I’m thrilled to have Rachel Thompson back for another guest post to discuss her experience with the naysayers who tried to keep her from writing. You can read my post on the same topic on her website here.
- Your writing isn’t fit for publication.
- You need to stick to humor. Nobody cares about another ‘I’m a victim, woe-is-me’ story.
- You just don’t have the talent for any agent or publisher to pick you up. Stick with self-publishing.
One of my writing mentors, someone whose opinion I valued, someone who is an expert in the publishing world, said this to me about four years ago, when I shared my current WIP (work in progress) from my third book. It was the first time I had shared publicly my story of being sexually abused as an eleven-year-old child. I had already written two bestselling, award-winning satirical humor books, and this person very much wanted me to continue down that path.
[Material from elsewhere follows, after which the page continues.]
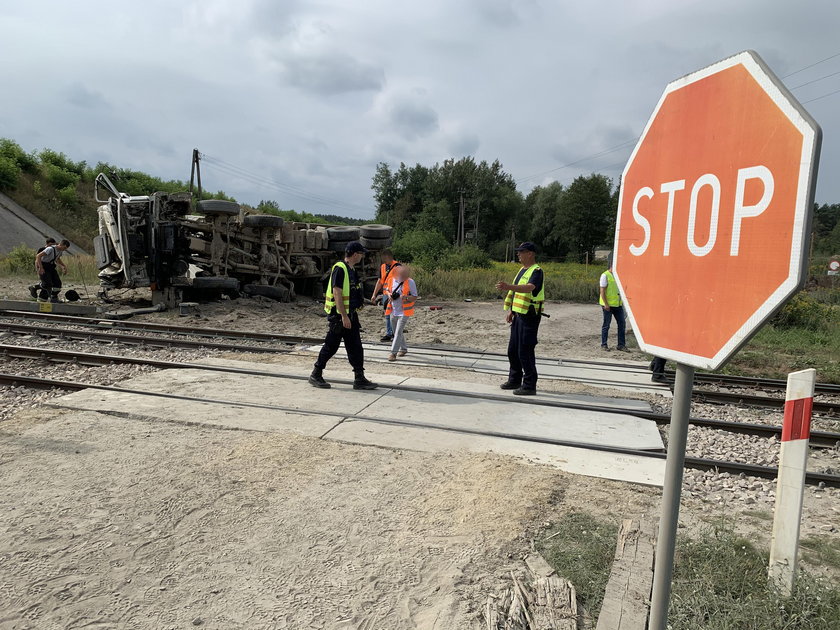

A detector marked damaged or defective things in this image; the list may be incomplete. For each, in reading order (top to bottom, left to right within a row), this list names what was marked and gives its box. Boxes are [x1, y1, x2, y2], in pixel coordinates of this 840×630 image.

overturned truck [92, 175, 394, 308]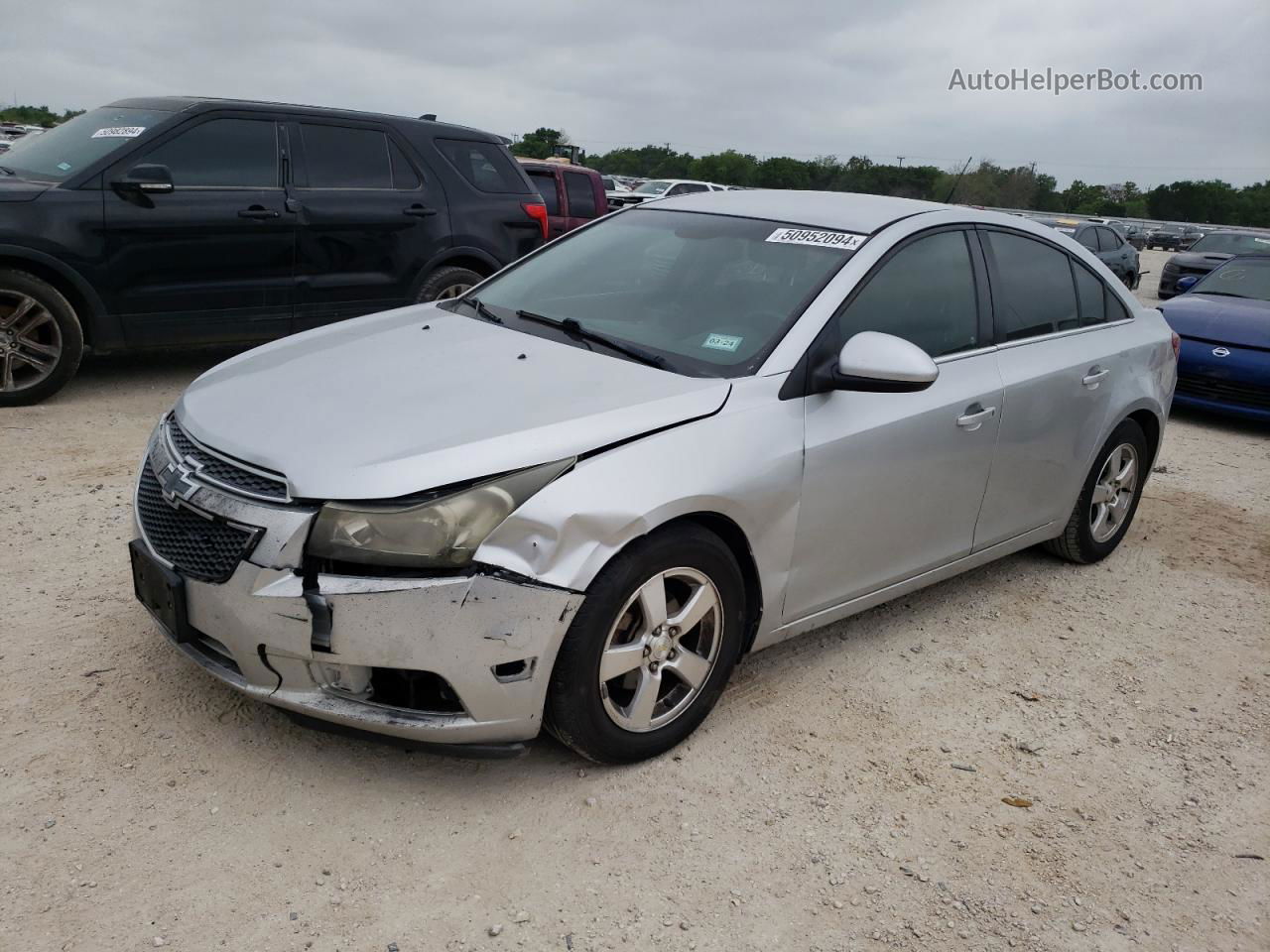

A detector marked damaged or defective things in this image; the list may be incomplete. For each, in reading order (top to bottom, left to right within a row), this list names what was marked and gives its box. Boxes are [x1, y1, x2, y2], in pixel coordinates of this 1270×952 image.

damaged front bumper [128, 428, 583, 751]
cracked headlight [307, 459, 572, 571]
But writing more humor didn’t feel right to me. I was experiencing some emotional and personal turmoil — someone once very close to me had committed suicide in a most violent way, and that created a hole in me I needed to fill writing about loss, longing, love, grief, and ultimately, as these things do, these things that drive us to places we’ve wandered away from by filling our days with family and loss and longing and love and grief, I moved deeper and closer and stepped and danced around the fires that lapped at my toes.
I touched the box I’d closed all those many years ago. I opened it. I started pulling out and examining the contents. It was time to lay myself bare.
Writing about the abuse became well, while not exactly cathartic (it doesn’t change what happened), a way for me to understand the many, many ways I’d been affected without ever realizing it, internally as well as externally. The more I wrote about it, the more I had to write about it. Poetry, essays, blog posts, and ultimately, my book, Broken Pieces.
Excitedly, I shared a few of the essays and poems I’d written with my mentor, and as part of a critique group she led. The group loved them — one member cried, later sending me her own story of abuse (something that still happens almost daily). The leader, however, tossed it to her assistant who immediately tore me down, discussing my lack of craft, lack of storytelling ability, and on and on it went. When she was done, it was the leader’s turn to attempt to crush me (with the statements at the beginning of this post).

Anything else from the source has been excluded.